You can try to turn that into a content-based security issue by claiming 
that it's about the "content of the '/etc' directory", and that is (along 
with other tricks) obviously how a a content-based security model has to 
work.

But it's not actually _true_ in any deeper sense. You're really just 
trying to enforce a pathname-based model using a inode/content based 
security hammer.

So that's an example of "if all you have is a hammer, everything looks 
like a nail" issue. If all you have is a content/inode-based security, you 
have to turn path-names into "directory inode" issues, and it's doable, 
but it's really like trying to convince everybody that screws do not exist 
because all you have is a hammer.

And when you base your security on inodes, you _do_ have problems with 
things like /etc. Exactly because there are many different paths in that 
directory, and they actually have _different_ security issues. A program 
that is supposed to be able to edit/replace /etc/hosts is _not_ supposed 
to be able to edit/replace /etc/passwd.

Notice how it's really fundamentally about the pathname? When you create a 
new file and overwrite /etc/passwd with that file, the security rules 
really do _not_ come from your newly created inode, they come from the 
fact that you made the path "/etc/passwd" point to that inode.

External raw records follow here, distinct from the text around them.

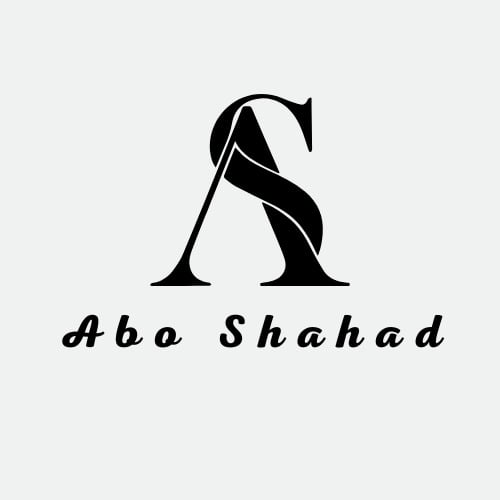 احمد الراشد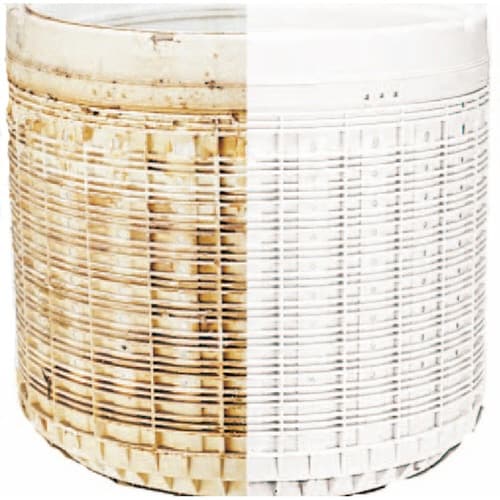 󑅁@ۍ܁@Q@[fE󑅃N[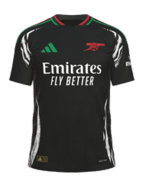 Fora kit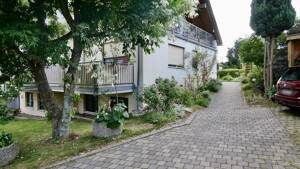 Ein gepflegtes Investment – 1328 Dresden – Vorschaubild 9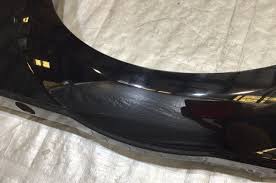 Image result for Brilliant Black 2009 TT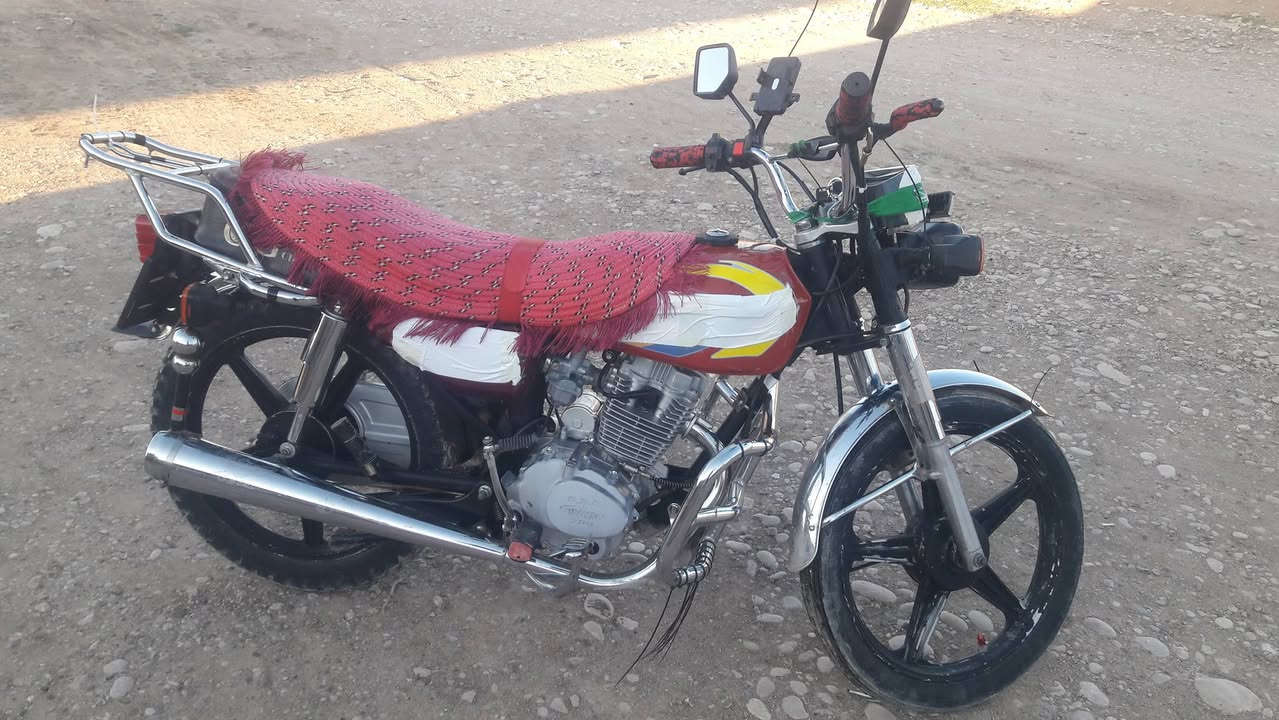 دارجه للبيع استفسار على هاذه الرقم *********** عنوان خانقين
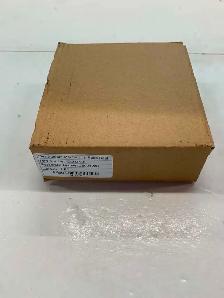 LOT of 2 DO 0730 mechanical face seal (reference number 25901206 - Photo 3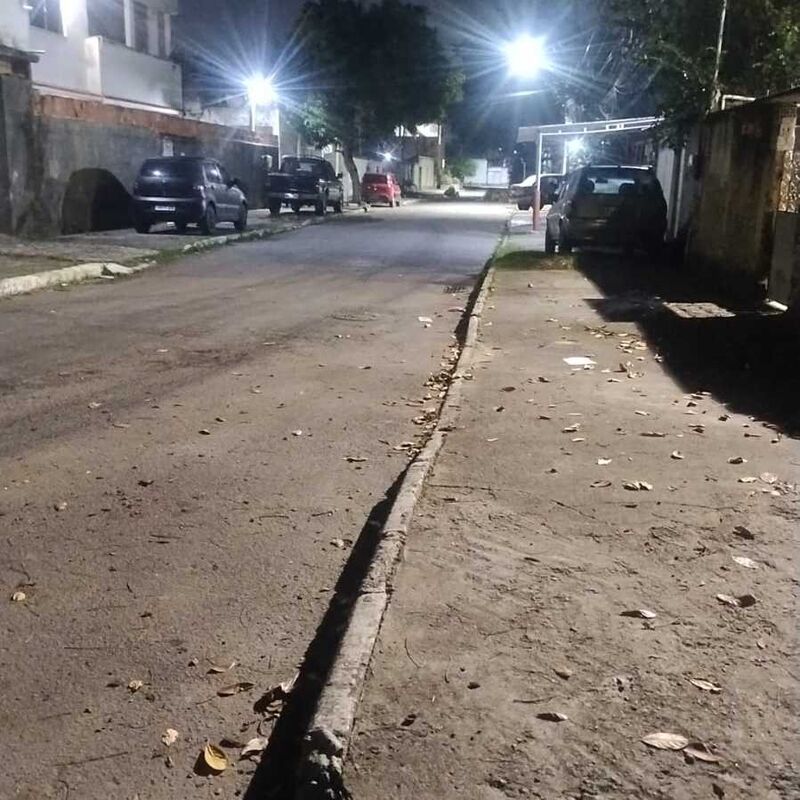 Imagem da publicação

And again - you can emulate this with the inode-based thing. Your hammer 
does work, but it doesn't really invalidate the fact that the path really 
is what is most fundamental in that case, because the pathname is 
fundamentally the shared piece of information that different processes 
work with.

You end up making up new ideas to handle this: it's why traditional BSD 
UNIX security has the setgid and sticky bit on directories, and it's also 
obviously why selinux ends up having special rules for "link" and "rename" 
etc - exactly so that you can emulate security that is really 
fundamentally about the pathname.

In other words: it really _does_ make more sense to say "this process has 
rights to overwrite the path '/etc/passwd'" than it does to try to label 
the file. The _fundamental_ rule is about the pathname. The labeling comes 
about BECAUSE YOU USED A HAMMER FOR A SCREW.

I really don't understand why some people are unable to admit this fact.